En un giro inesperado que ha sacudido las oficinas de Zúrich, el expresidente de la FIFA, Sepp Blatter, ha lanzado un llamado internacional para boicotear la Copa del Mundo 2026, que se llevará a cabo en Estados Unidos, México y Canadá.
Blatter, quien dirigió el organismo rector del fútbol mundial durante 17 años antes de su estrepitosa caída en 2015, asegura que el torneo actual representa “la destrucción del fútbol tal como lo conocemos”.
Las razones del “rebelde” de 89 años
El argumento central de Blatter no es solo político, sino estructural. El exmandatario apunta sus dardos contra su sucesor, Gianni Infantino, y los cambios drásticos implementados para esta edición:
- La expansión a 48 equipos: Blatter califica el nuevo formato como una “dilución de la calidad” que prioriza el dinero sobre el mérito deportivo.
- Logística “absurda”: Critica las distancias masivas entre las sedes de los tres países anfitriones, lo que, según él, arruina la experiencia para los aficionados y aumenta la huella de carbono de manera irresponsable.

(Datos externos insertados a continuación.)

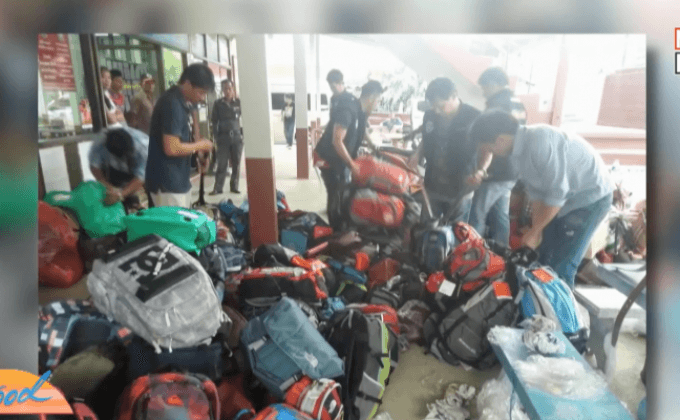 ปอศ.จับสินค้าละเมิดลิขสิทธิ์ช่วงเปิดฤดูท่องเที่ยว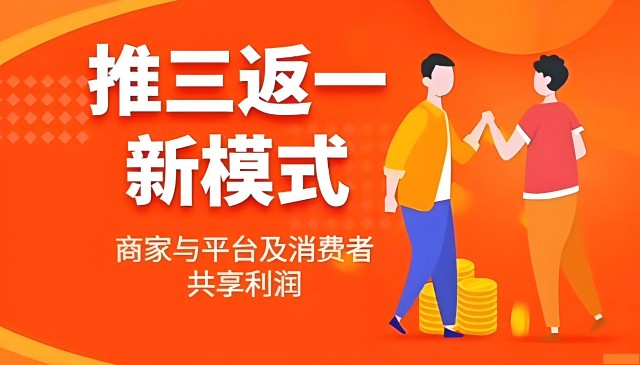 电商裂变营销新选择：推三返一模式详解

- Falta de identidad: Asegura que el torneo ha perdido su “alma” al convertirse en un producto puramente comercial.
“No es una fiesta del fútbol, es una feria de marketing a gran escala. El mundo debe decir basta”, declaró Blatter en una entrevista que ha encendido las redes sociales.
Una ironía que no pasa desapercibida
Resulta difícil ignorar la ironía en las palabras de Blatter. Muchos analistas deportivos y aficionados han recordado rápidamente que fue bajo su mandato cuando se otorgaron las polémicas sedes de Rusia 2018 y Qatar 2022, procesos que terminaron en investigaciones federales y el mayor escándalo de corrupción en la historia del deporte.
Por su parte, la FIFA ha respondido con indiferencia. Fuentes cercanas a la organización indican que Infantino está centrado en las proyecciones de ingresos récord, que se esperan superen los 11 mil millones de dólares para el ciclo 2023-2026.
¿Tendrá eco el llamado?
A pesar del ruido mediático, es poco probable que las federaciones nacionales se sumen a un boicot liderado por una figura tan polarizante. Con los estadios de Norteamérica prácticamente vendidos y los derechos de transmisión adjudicados, el “tren del 2026” parece imparable.
Sin embargo, Blatter ha logrado algo que no hacía en años: poner sobre la mesa el debate sobre si el crecimiento infinito de la FIFA está matando la mística del deporte rey.